Reproduce verbatim all of the data given below, but do not carry over the images.

** Recorded information follows **

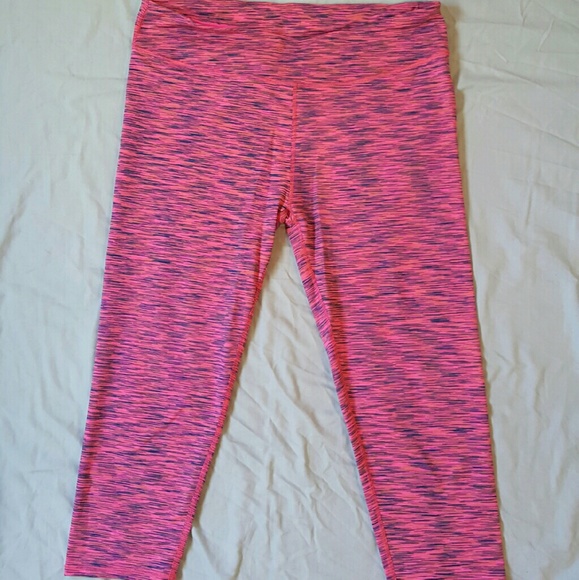 Pink Space Dye Workout Yoga Capris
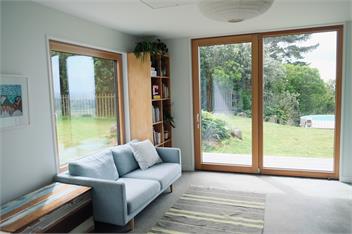 Hilltop Retreat - Raglan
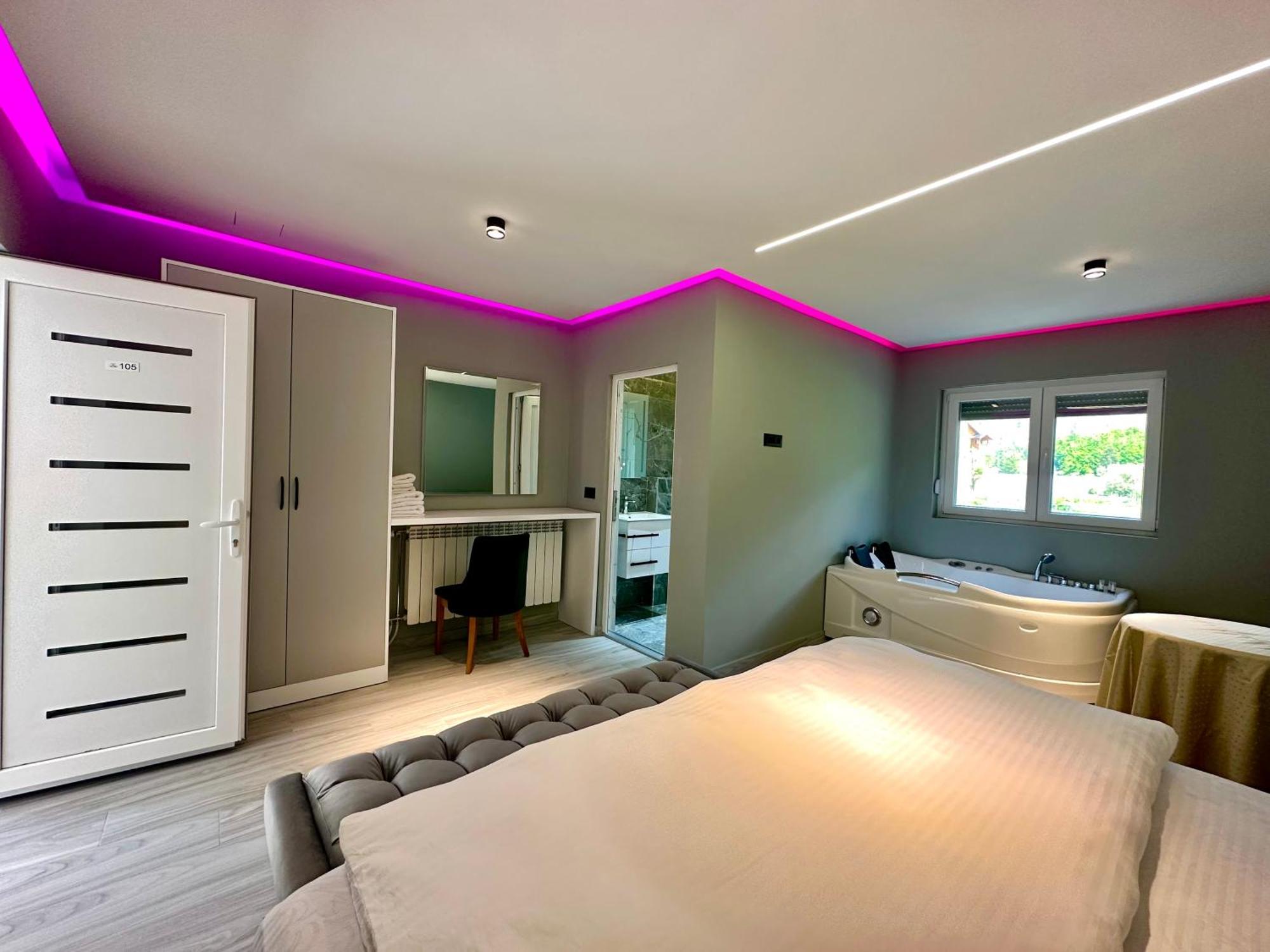 Breezy Hotel Valbone Eksteriør billede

** End of Recorded information **

Result of this exercise:
 Pink Space Dye Workout Yoga Capris
 Hilltop Retreat - Raglan
 Breezy Hotel Valbone Eksteriør billede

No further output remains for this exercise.